The Seahawks are poised for a season fans haven’t seen in years: One that ends with a higher number in the win column than in the loss column. All the members here at North and South of Royal Brougham have pegged Seattle to get ten wins or more, and it all starts with defense.
John Schneider and Pete Carroll have proven that they’re very good at evaluating talent at the college level. Finding gems such as Richard Sherman and Kam Chancellor in the later rounds has been more the rule than the exception since this new regime took over in Seattle.
There are two scenarios for the Seahawks in the first round of the draft.
They stand pat.

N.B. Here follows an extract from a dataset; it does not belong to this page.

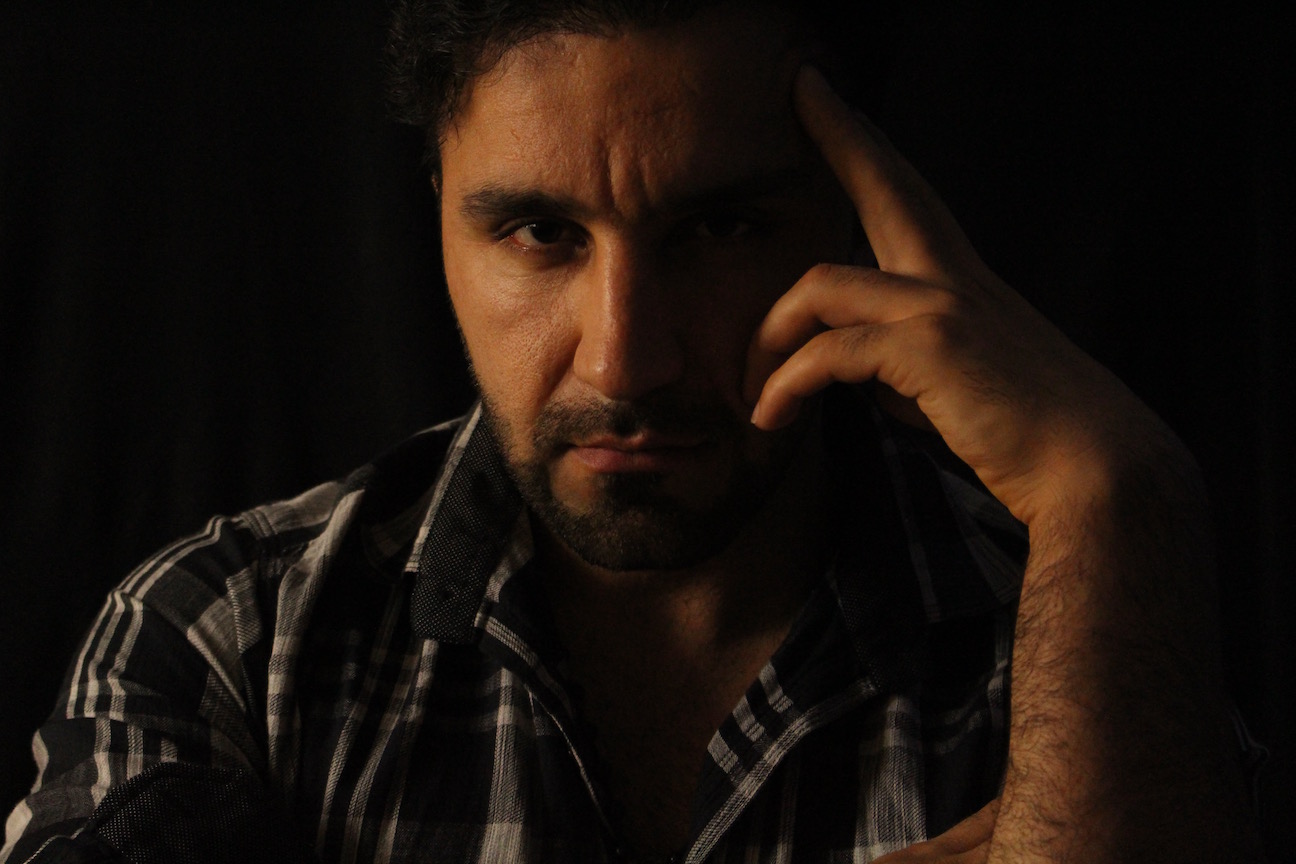 Sameer Ali Khan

This year’s draft is fairly deep, and with Seattle doing more patchwork and depth hunting than anything else, there’s no reason to get crazy. If they stay at pick twelve, assuming he’s still on the board, David DeCastro is the pick that makes the most sense. He’s the best interior lineman in the draft, and many pundits have said he has the potential to be on the level that Steve Hutchinson was in the prime of his career. DeCastro would be the final piece in solidifying a young, powerful, nasty offensive line. When healthy, the tandem of Okung, DeCastro, Unger, Moffitt and Carpenter could be one of the best in the league. The way Pete Carroll has committed his offensive philosophy to the power running game, this pick makes the most sense at twelve.
They trade back. Nobody values extra picks like John Schneider. The rumor is that most of the teams holding picks three through fifteen are looking to move back, and Seattle may be right up there with the rest of them. With deep talent at the mid-first round level at outside linebacker and defensive end, the Seahawks could do well to move back a few picks. I saw a mock draft written by Mike Sando that had the Seahawks swapping their pick with New England, taking their 27th and 31st picks in the first round. If they do move back, I’d love to see Seattle take Melvin Ingram. He just might be the edge rush specialist they’ve been looking for. Physically, he’s got all the tools and athleticism to back off into pass coverage, charge after the rusher, or rush the quarterback. When you look at the success teams have had with defensive end/outside linebacker hybrids — Terrell Suggs, Mario Williams, DeMarcus Ware — it’s a pick that makes great sense for the Hawks.
In the later rounds, Seattle will likely address their depth at cornerback, running back, wide receiver, and their defensive line. And don’t ever rule out the possibility of taking a quarterback in the late rounds, like Kellen Moore from Boise State. But early on, look for Seattle to address their holes upfront on both sides of the ball.